__Assignment__
Copy all the records word for word, apart from any pictures.

Data: Begin

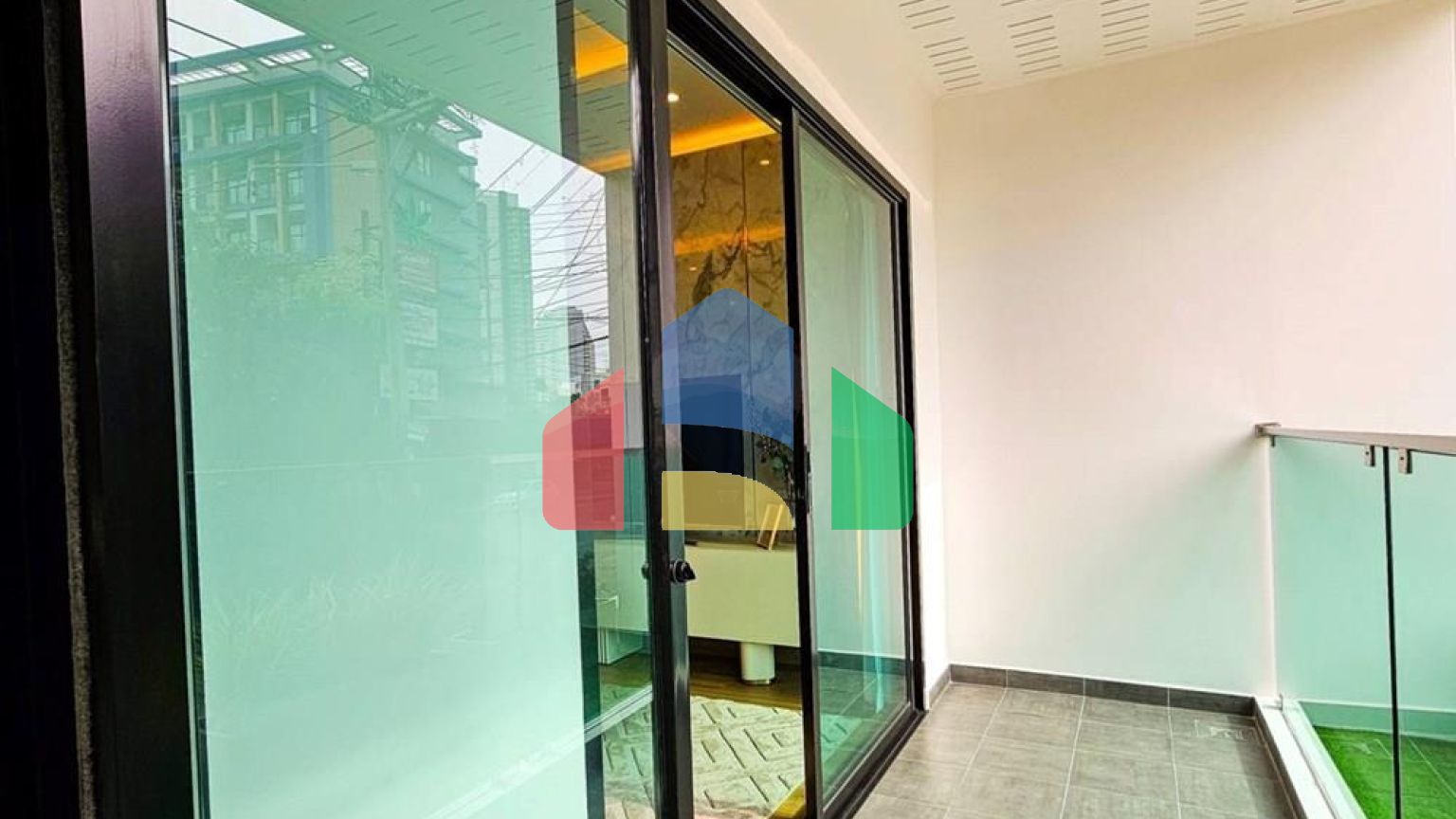 Residential - Condo/Apartment - Pratumnak, Chonburi-Pattaya - TH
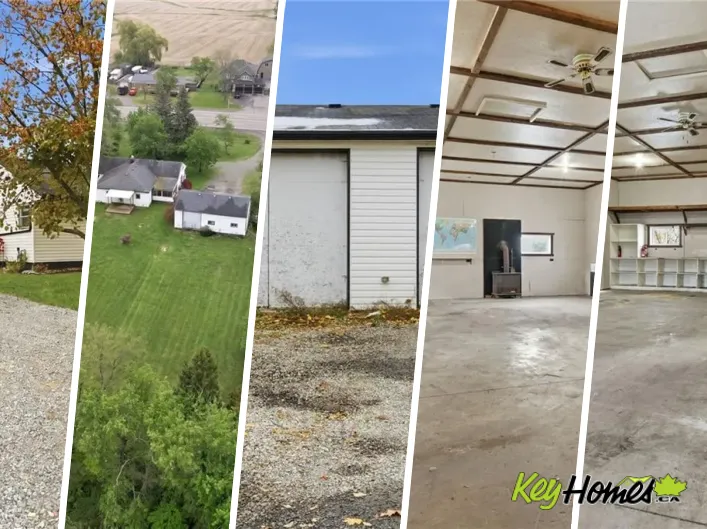 House for sale: 797 HIGHWAY 6, Haldimand
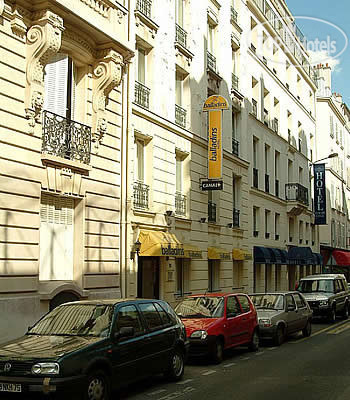 Hotelier's photos Alexandrine Opera 3*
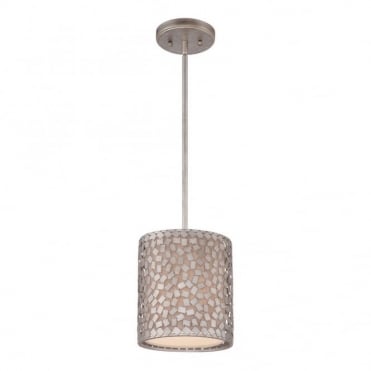 1 Light Mini Ceiling Pendant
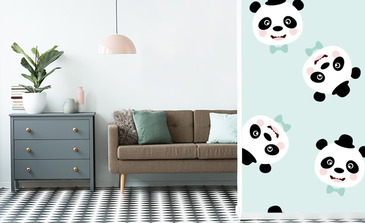 Visualisation du produit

Data: End

__Response area__
 Residential - Condo/Apartment - Pratumnak, Chonburi-Pattaya - TH
 House for sale: 797 HIGHWAY 6, Haldimand
 Hotelier's photos Alexandrine Opera 3*
 1 Light Mini Ceiling Pendant
 Visualisation du produit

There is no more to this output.